_DATA BLOCK_

------------------------

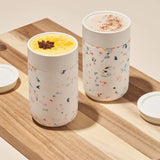 Cream Terrazzo Ceramic Porter Mug. Silicone sleeve is grippable, soft on the hands, and prevents scratches on surface. Splash-resistant lid. Microwave & dishwasher safe.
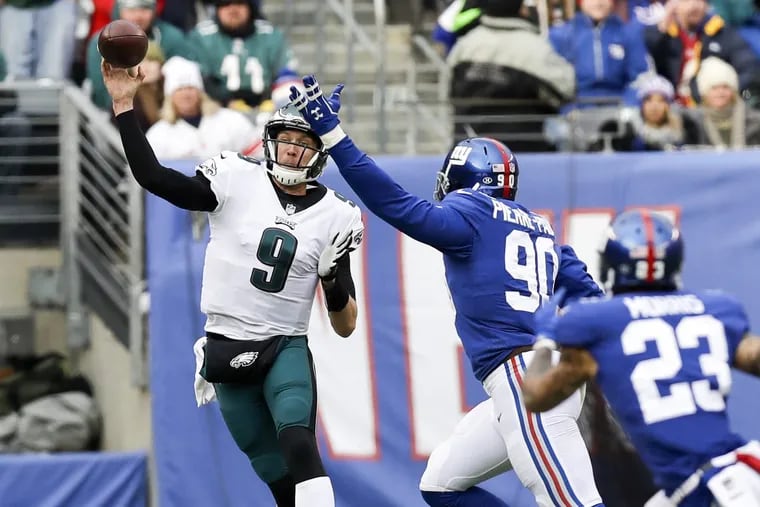 Eagles quarterback Nick Foles gets rid of the football past New York Giants defensive end Jason Pierre-Paul and defensive back Darryl Morris in the second-quarter on Sunday, December 17, 2017. YONG KIM / Staff Photographer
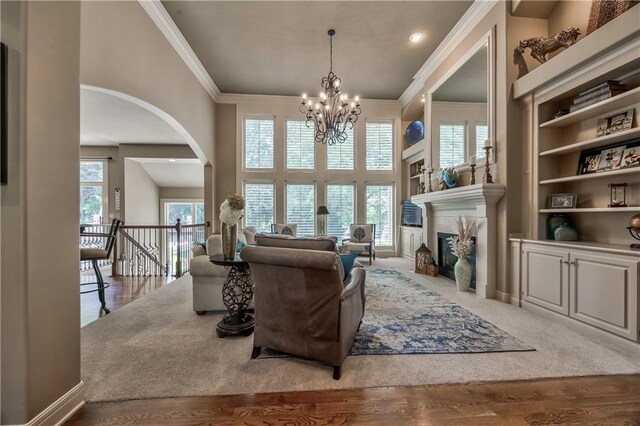 9638 Zarda Dr, Lenexa, KS 66227 - living room with a chandelier, arched walkways, ornamental molding, a fireplace, and wood finished floors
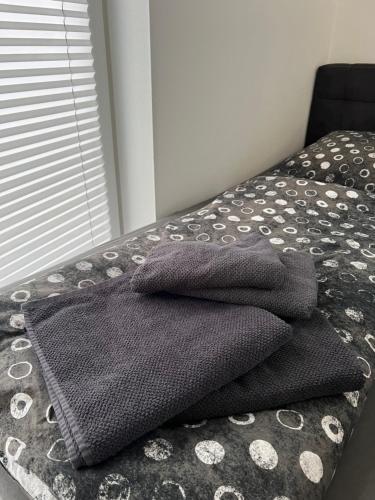 een stapel handdoeken bovenop een bed bij Schöne gemütliche Wohnung, Ferienwohnung in ruhiger Lage in Auerbach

------------------------

_TASK BRIEF_
From the material above, print everything exactly except the pictures.

_EXERCISE RESULT_
 Cream Terrazzo Ceramic Porter Mug. Silicone sleeve is grippable, soft on the hands, and prevents scratches on surface. Splash-resistant lid. Microwave & dishwasher safe.
 Eagles quarterback Nick Foles gets rid of the football past New York Giants defensive end Jason Pierre-Paul and defensive back Darryl Morris in the second-quarter on Sunday, December 17, 2017. YONG KIM / Staff Photographer
 9638 Zarda Dr, Lenexa, KS 66227 - living room with a chandelier, arched walkways, ornamental molding, a fireplace, and wood finished floors
 een stapel handdoeken bovenop een bed bij Schöne gemütliche Wohnung, Ferienwohnung in ruhiger Lage in Auerbach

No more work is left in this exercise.